Section 1: Let’s start

  1. Open QGIS.
  2. Load your GTFS data into the QGIS table of contents (also called the Layers Panel). Click Layer>Add Layer>Add Delimited Text Layer. You will be adding one or two files depending on which ones are provided.

    QGIS add delimited text layer

    Add delimited text layer.

  3. Now, here it can get tricky. Not all transit agencies provide a “shapes.txt” file. The shapes.txt file draws out the routes of buses and trains. If it’s not provided, that’s fine, but if you turn them into routes based on the stops.txt data, then you will have funny looking and impossible routes.

    QGIs browse for the stops.txt file

    Browse for the stops.txt file

  4. Click on “Browse…” and find the “stops.txt”. QGIS will read the file very quickly and determine which fields hold the latitude and longitude coordinates. If its determination is wrong, you can choose a different “X field” (longitude) and “Y field” (latitude).
  5. Click “OK”. A new dialog box will appear asking you to choose a coordinate reference system (EPSG). Choose or filter for “WGS 84, EPSG:4326”. Then click “OK”.
  6. The Pace bus stops in the Chicagoland region are now drawn in QGIS!

    Pace bus stops are shown

    Pace bus stops are shown

  7. If the GTFS package you downloaded includes a “shapes.txt” file (that represents the physical routes and paths that the buses or trains take), import that file also by repeating steps 4 and 5.

Section 2: Converting the stops

It’s really easy now to convert the bus or train stops into a shapefile or GeoJSON representing all of those points.

  1. Right-click the layer “stops” in the table of contents (Layers Panel) and click “Save As…”.
  2. In the “Save vector layer as…” dialog box, choose the format you want, either “ESRI Shapefile” or “GeoJSON”. **
  3. Then click “Browse” to tell QGIS where in your computer’s file browser you want to save the file. Leave the “CRS” as-is (EPSG:4326).
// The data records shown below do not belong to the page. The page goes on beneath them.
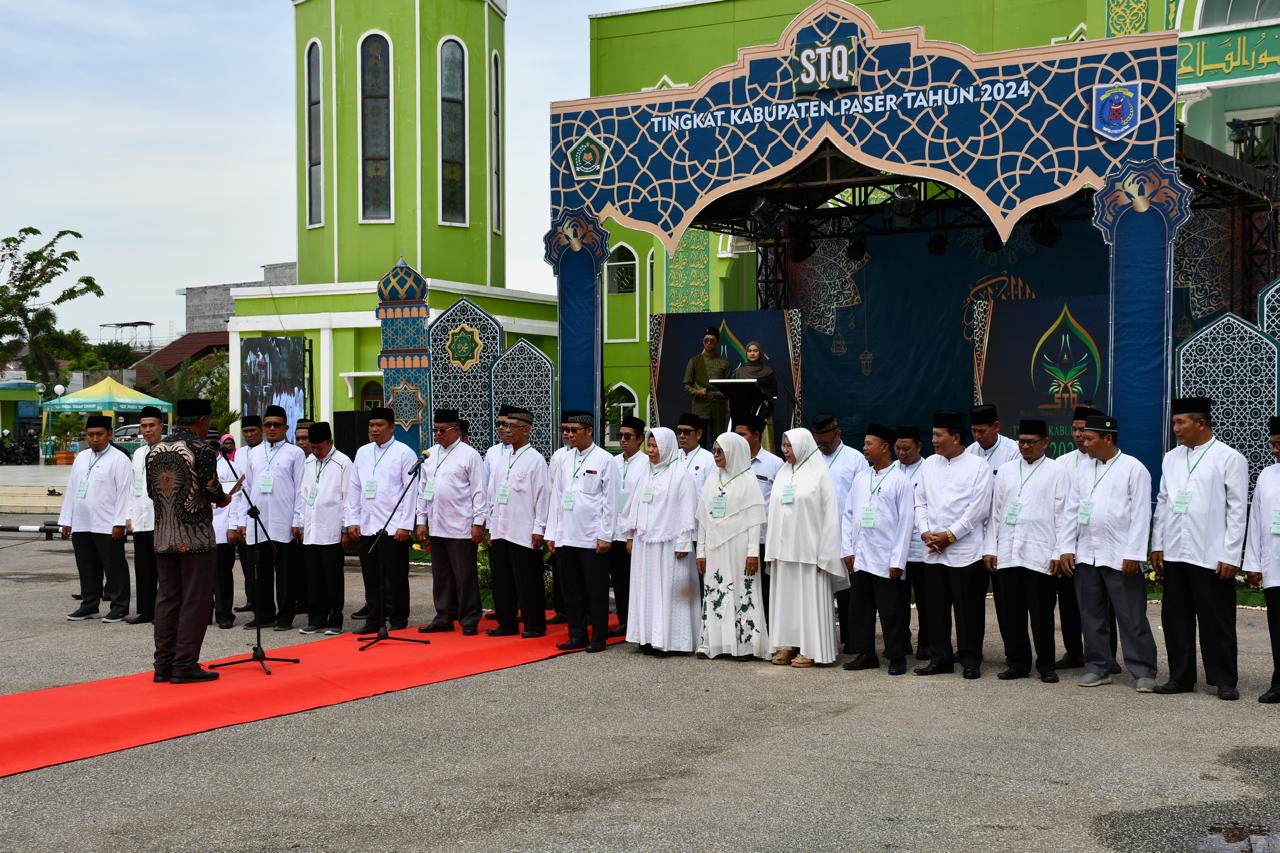 SYIAR ISLAM: Seleksi Tilawatil Quran (STQ) tingkat Kabupaten Paser digelar selama empat hari ke depan.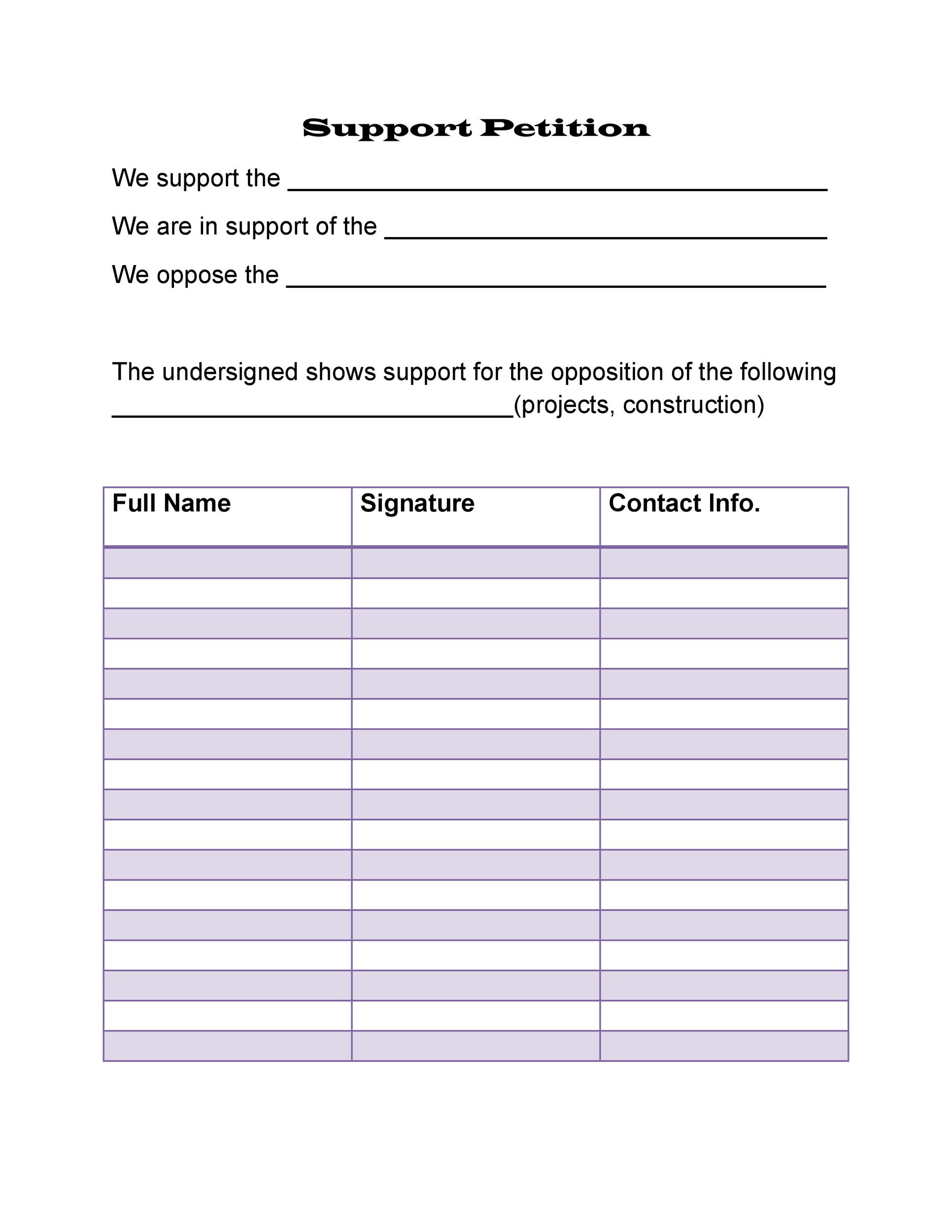 30 Petition Templates + How To Write Petition Guide In Blank with Petition Template Sample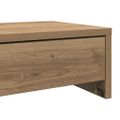 vidaXL Stojan na monitor zásuvky dub artisian 100x27x15 cm komp. drevo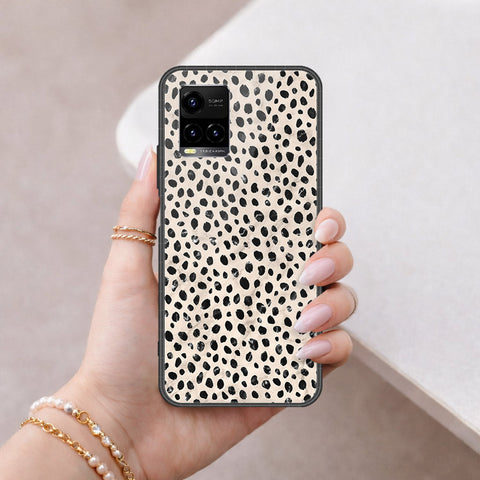 Vivo Y21t Cover - Vanilla Dream Series - HQ Ultra Shine Premium Infinity Glass Soft Silicon Borders Case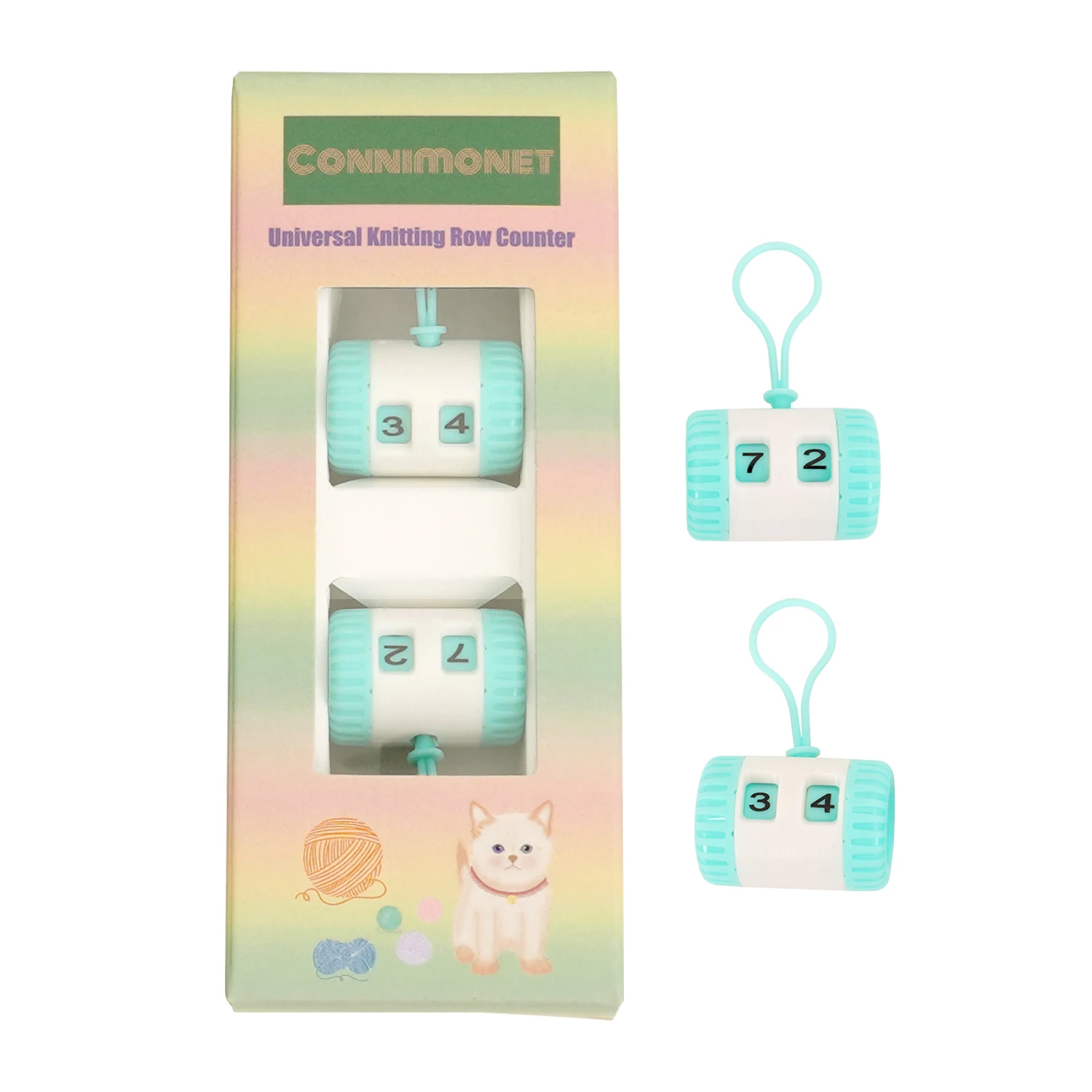 Manual Knitting Sweater Needle Assist Counter Rod Yarn Counting Tool for Knitters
    Convert the bus stops to a shapefile or GeoJSON.

    Convert the Pace bus stops to a shapefile or GeoJSON.

  4. Then click “OK” and QGIS will quickly report that the file has been converted and saved where you specified in step 3.

Section 3: Converting the bus or train routes

The “shapes.txt” file is a collection of points that when grouped by their route number, show the physical routes and paths that buses and trains take. You’ll need a plugin to make the lines from this data.

  1. Install the plugin “Points to Paths”. Click on Plugins>Manage and Install Plugins… Then click “All” and search for “points”. Click the “Points to Paths” plugin and then click the “Install plugin” button. Then click “Close”.

    Install the Points to Paths plugin.

    Install the Points to Paths plugin.

  2. Pace bus doesn’t provide the “shapes.txt” file so we’ll need to find a new GTFS package. Download the GTFS package provided by the Chicago Transit Authority, which has bus and rail service in Chicago and the surrounding municipalities.
  3. Load the CTA’s “shapes.txt” file into the table of contents (Layers Panel) by following steps 4 and 5 in the first section of this tutorial.  Note that this data includes both the bus routes and the train routes.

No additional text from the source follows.